Some people like to make Schoenberg post, i favor the great Gesualdo,Since i have a bunch of cd of Gesualdo work i would like to says i notice phillipe Herreweghe seem to conduct often Gesualdo , is it one of is speciality, is he an expert.I use to have two Gesualdo of him one that i like on musique d'abord and one i find sterile on outhere music whit same chef but different personnel that wer the college vocal of gent.

Than i notice italian conductor make a fine job whit Gesualdo, since maybe there italians and play vocal music of there country, so they might be more skilled.

Any though on this ,what is your own conclusion, if there are any expert on Gesualdo music...

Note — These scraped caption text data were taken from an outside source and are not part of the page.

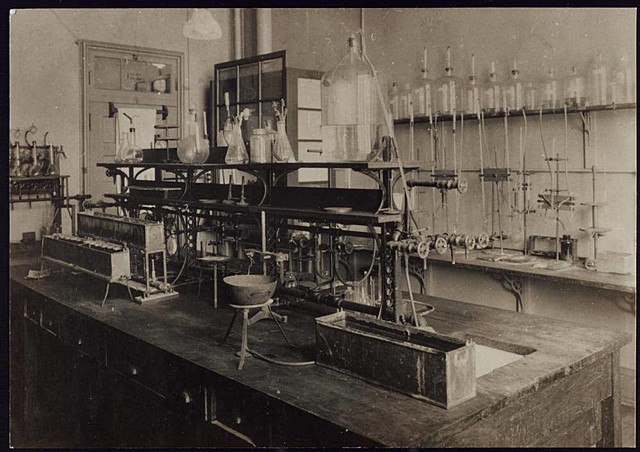 DESCUBRIMIENTO DE LA INSULINA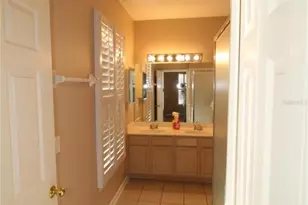 7412 Green Tree Dr, Orlando, FL 32819 - Photo 8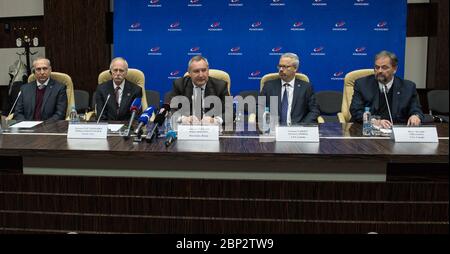 Conférence de presse après l'amarrage de l'expédition 58 Dmitry Rogozin, le chef de Roscosmos, au centre, discute du lancement et de l'amarrage réussis de l'équipage de l'expédition 58 à la Station spatiale internationale lors d'une conférence de presse après l'amarrage avec William Gerstenmaier, Administrateur associé des opérations d'exploration humaine de la NASA, à gauche de Rogozin, Et Sylvain Laporte, président, Agence spatiale canadienne (ASC), droit de Rogozin, 4 décembre à Baikonour, Kazakhstan. Lors de la conférence de presse, Rogozin a annoncé que l'astronaute de la NASA Nick Hague et le cosmonaute de Roscosmos Alexey Ovchinin, impliqués dans l'abandon Banque D'Images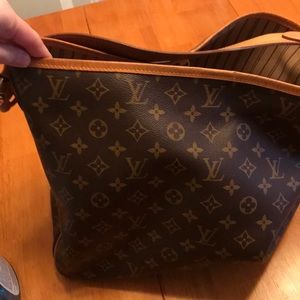 Authentic Louis Vuitton Delightful MM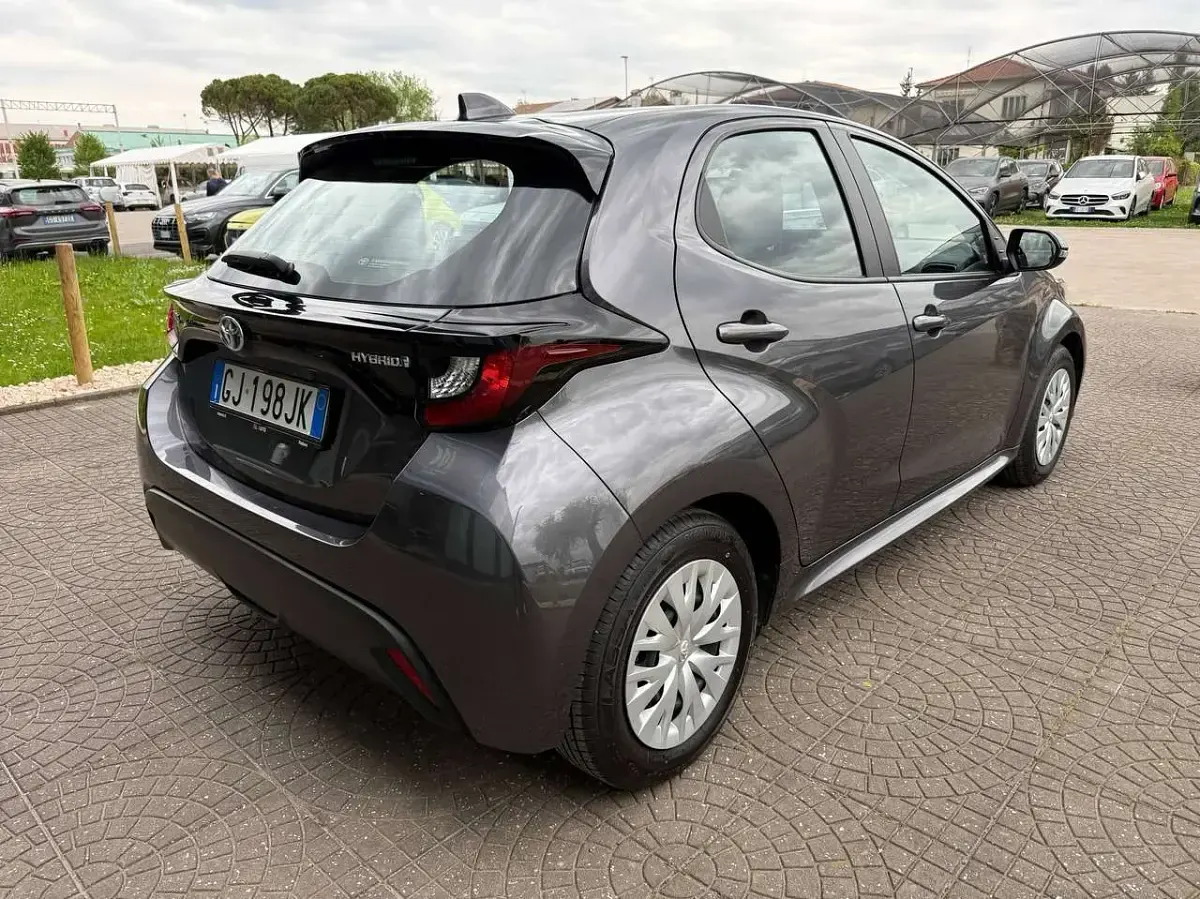Usata Toyota Yaris Hybrid Active 92 CV (67 kW) 2022 Grigio Berlina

What remain his best madrigals (insert label)
his finest sacred vol 1-2 music(insert label)
his tenebrae responsoria ( insert label)

Who can answer this one, who is able to give me definitive answer on the utter best of Gesualdo
for conductor and label.


:tiphat:


----------



## Adair (Feb 9, 2016)

I still prefer the old Gesualdo recordings on Columbia by Robert Craft.


----------



## Mandryka (Feb 22, 2013)

deprofundis said:


> Some people like to make Schoenberg post, i favor the great Gesualdo,Since i have a bunch of cd of Gesualdo work i would like to says i notice phillipe Herreweghe seem to conduct often Gesualdo , is it one of is speciality, is he an expert.I use to have two Gesualdo of him one that i like on musique d'abord and one i find sterile on outhere music whit same chef but different personnel that wer the college vocal of gent.
> 
> Than i notice italian conductor make a fine job whit Gesualdo, since maybe there italians and play vocal music of there country, so they might be more skilled.
> 
> ...


Try la compagnia del madrigale (with Gesualdo and Marenzio.) I can let you have an unreleased recording of the responsoria from Herrewghe, live in Alderburgh in 2012, if you like. Better than his CD IMO.

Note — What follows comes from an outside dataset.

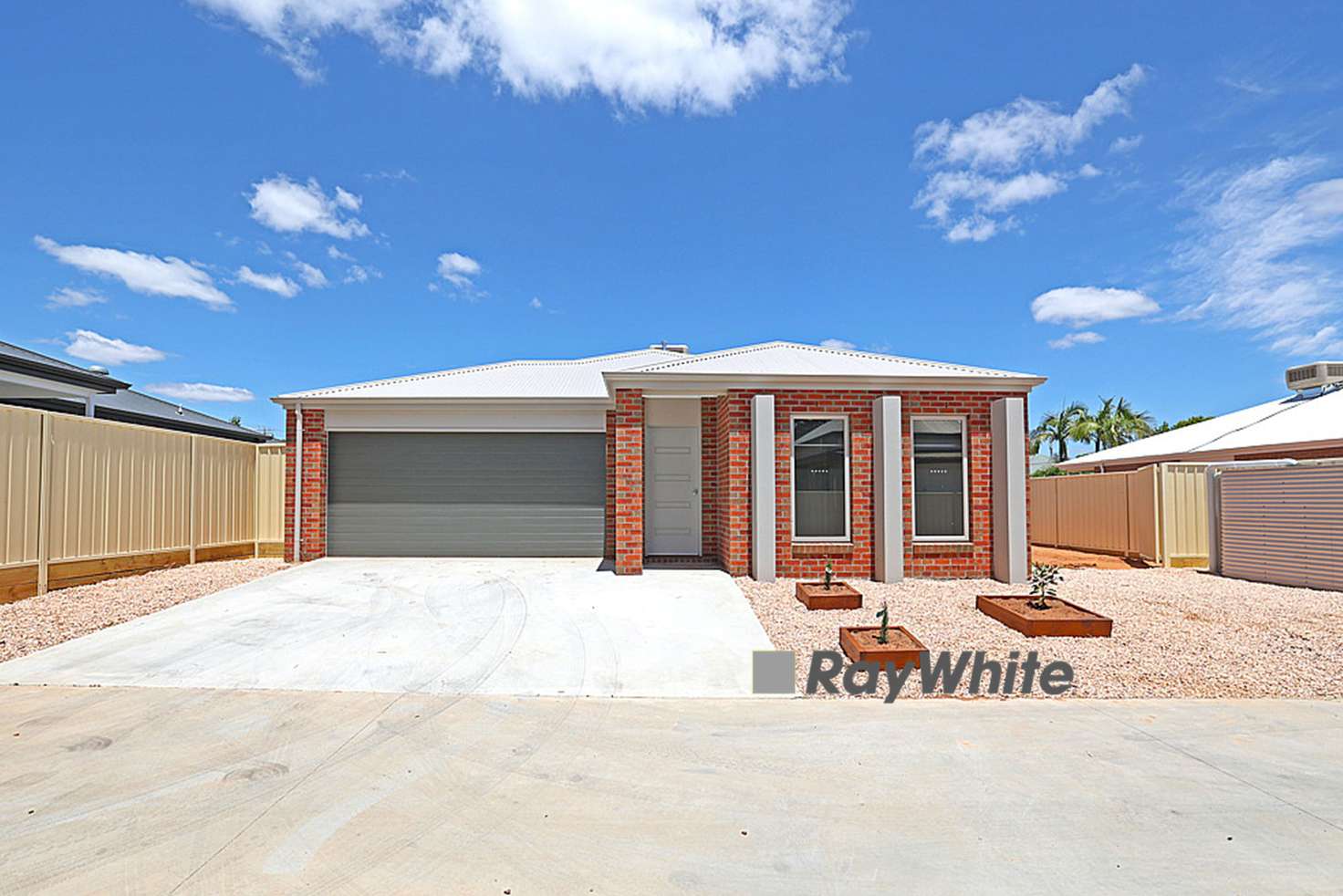 Main view of Homely house listing, 2/425 Ontario Avenue, Mildura VIC 3500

Listening to the responsoria again, really prompted by this thread, I was gobsmacked by how timeless they sound. Is that just my imagination - they just sounded as though they could have been written by an avant garde composer last week.


----------



## DanielNoynaert (Mar 14, 2018)

*Best Gesualdo*



deprofundis said:


> Some people like to make Schoenberg post, i favor the great Gesualdo,Since i have a bunch of cd of Gesualdo work i would like to says i notice phillipe Herreweghe seem to conduct often Gesualdo , is it one of is speciality, is he an expert.I use to have two Gesualdo of him one that i like on musique d'abord and one i find sterile on outhere music whit same chef but different personnel that wer the college vocal of gent.
> 
> Than i notice italian conductor make a fine job whit Gesualdo, since maybe there italians and play vocal music of there country, so they might be more skilled.
> 
> ...


In my opinion the recordings of A Sei Voce on the label Veritas are the most expressive.


----------